> EXERCISE DETAILS:
Only text belongs in your copy of the listing below; reproduce it exactly and leave out the pictures.

Top of RAW DATA

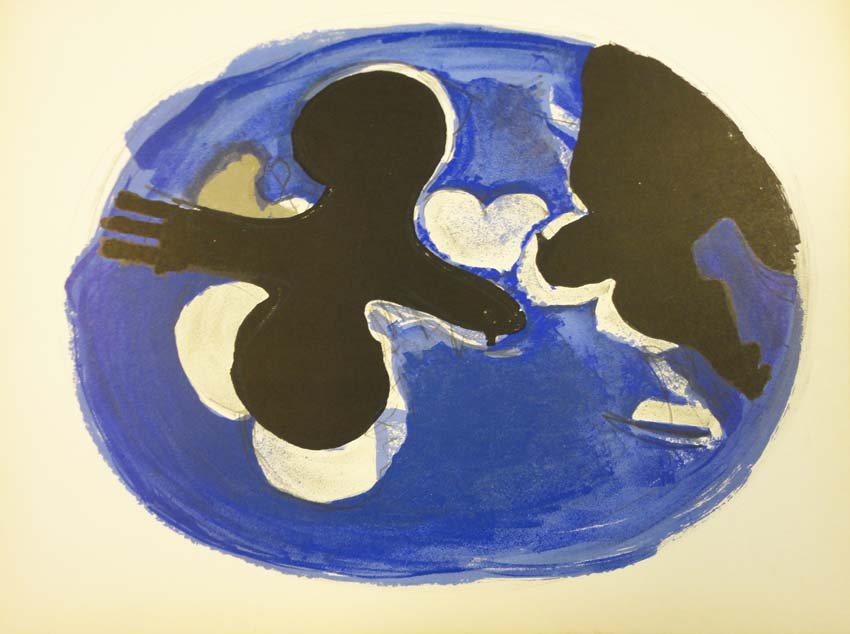 Alexander Calder abstract print: This small poster depicts a blue and black abstract image. The round image is composed of flat black and white shapes against a blue circle. It looks somewhat like a map of the earth. There is an abst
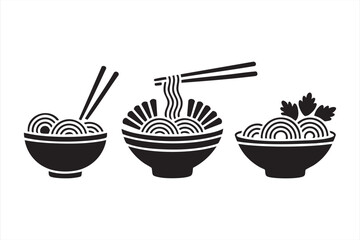 Japanese and Chinese Food Bowl Icon Collection for Dining Graphics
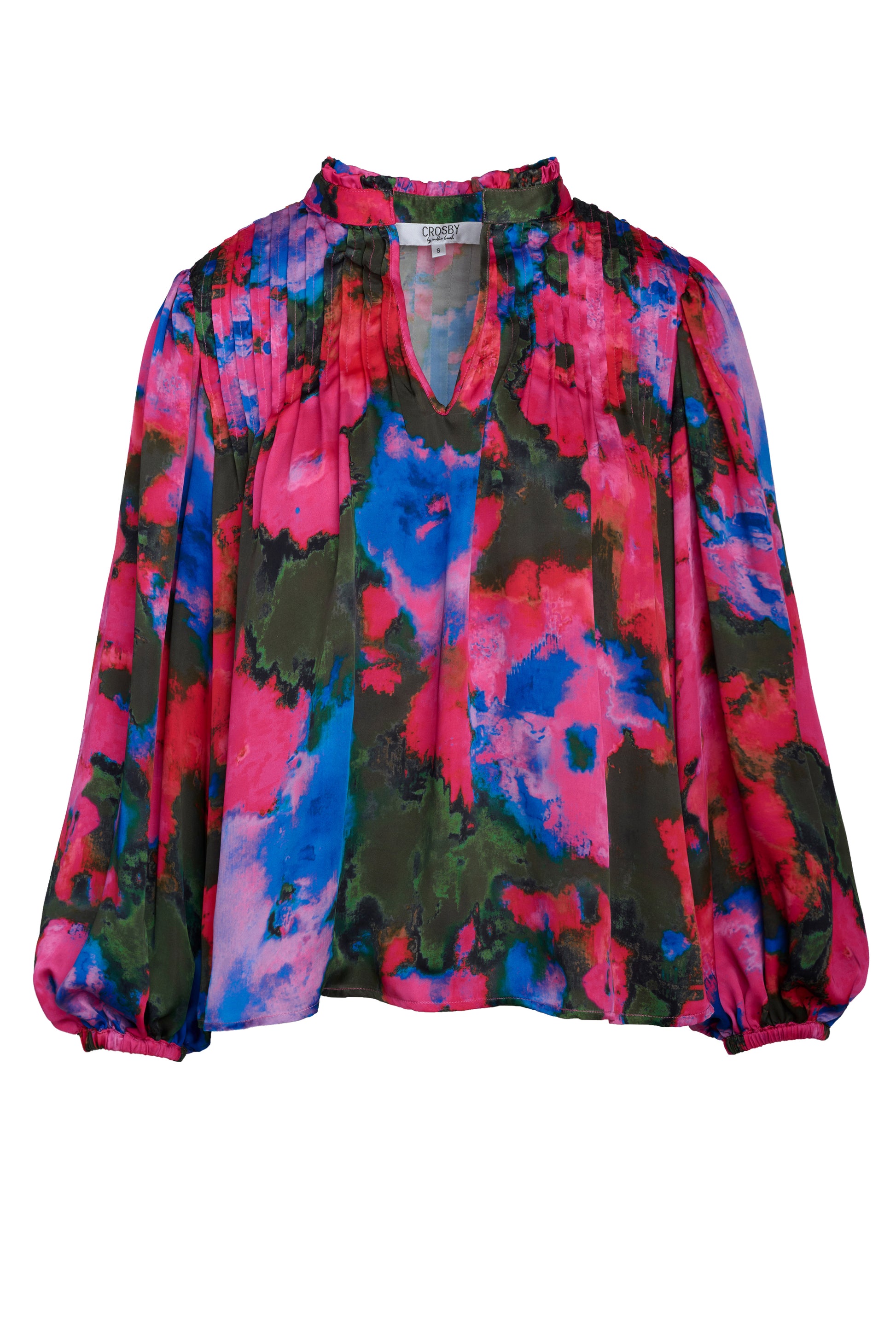 Gabby Blouse in Blurred Floral Bright | CROSBY by Mollie Burch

Bottom of RAW DATA

> SOLVED EXERCISE:
 Alexander Calder abstract print: This small poster depicts a blue and black abstract image. The round image is composed of flat black and white shapes against a blue circle. It looks somewhat like a map of the earth. There is an abst
 Japanese and Chinese Food Bowl Icon Collection for Dining Graphics
 Gabby Blouse in Blurred Floral Bright | CROSBY by Mollie Burch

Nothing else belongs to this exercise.